The remainder of the book: essentially a survey of the history of Shinto -- less interesting philosophically, but still engaging as a case study of religious development. I do feel, on having read the book, that I've travelled miles in my understanding of Japan.
What does Kasulis say? He distinguishes "existentialist" from "essentialist". In "Mary is a comedian", the description is "existentialist" if you're describing (ie, Mary tells a lot of jokes) but "essentialist" if you're commenting on Mary's nature (ie, Mary tells a lot of jokes *because* she is a comedian). Kasulis wants (if I'm reading him properly) to "rescue" Shinto -- to separate an existentialist Shinto heart from an essentialist and expansionist ideology.
The middle section covers some 1400 years of Shinto development, along with forays into Japanese history generally. It's fascinating, but biased towards the existentialist yay, essentialist boo position. And there are worries here. On the one hand, maybe you're won't find a summary this short, and this comprehensive, without this level of vagueness; on the other hand, the glossing-over, and neatness of explanation, might raise the suspicion of skewed narrative. I just don't know enough Japanese history to fairly judge.
Here's my own glossed-over summary of some key points:
Chapter 1: When people disconnect from capacity for awe, they feel homeless. Shinto spirituality is about learning to feel "at home" with spiritually encountering mystery -- and not trying to explain away such experiences. Awe can come upon you suddenly, or can be found in the everyday; can be caused by nature (a glorious sunset), or by the manufactured (the original Magna Carta); and can be associated with joy or fear. Such presences are "kami". Kami is interdependent with the material, not separate from it. Shinto marks places that are specially able to give rise to feelings of being part of and "holographically" reflecting the whole. But one requires a "mindful heart": Shinto practices nurture sensitivity and responsiveness. Kasulis also discusses whether Shinto counts as a "religion" or is a cluster of folk beliefs.
Chapter 2: Shinto themes (including naturalness, simplicity, purity and taboo, purification, and separateness and communal solidarity) are part of the warp and woof of everyday Japanese life.
Chapter 3: Time immemorial up to eighth century. Native religion was in part animist, but "kami" was also associated with forces of nature. Shinto myths lack a cosmic struggle between good and evil. Kasulis contrasts two key eighth-century collections of folk traditions ("Nihonshoki" and "Kojiki") and touches on connections of the former with justifications for empire.
Chapter 4: Eighth to nineteenth centuries.
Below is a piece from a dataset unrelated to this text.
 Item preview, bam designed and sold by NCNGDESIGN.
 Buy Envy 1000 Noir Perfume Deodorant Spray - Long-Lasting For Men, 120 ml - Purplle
Growth of essentialist Shinto was contravened by Buddhist-Shinto syncretism. When Buddhism waned, Shinto attempted to build an original philosophy -- the "Native studies" movement, exemplified by Motoori Norinaga, who spent three decades interpreting Kojiki.
Chapter 5: 1801-2002. Hirata Atsutane rendered Shinto suitable for expansionism, by, inter alia, emphasizing the emperor as holographic entry point and introducing afterlife reward. Starting with Hirata Shinto, the government supported an essentialist ideology of "State Shinto", which involved, for instance, distancing Shinto from Buddhism, and a religion of "Shrine Shinto", whose practices were compulsory and whose beliefs were equated with being Japanese. The allied powers could not dismantle State Shinto entirely: Kasulis discusses the Yasukuni shrine.
Chapter 6: It's difficult to separate "existentialist" and "essentialist" in Japan. Also, the existential/essential distinction can be applied to many, if not most, religions, and there's frequently a power struggle in terms of the dominance of one or the other.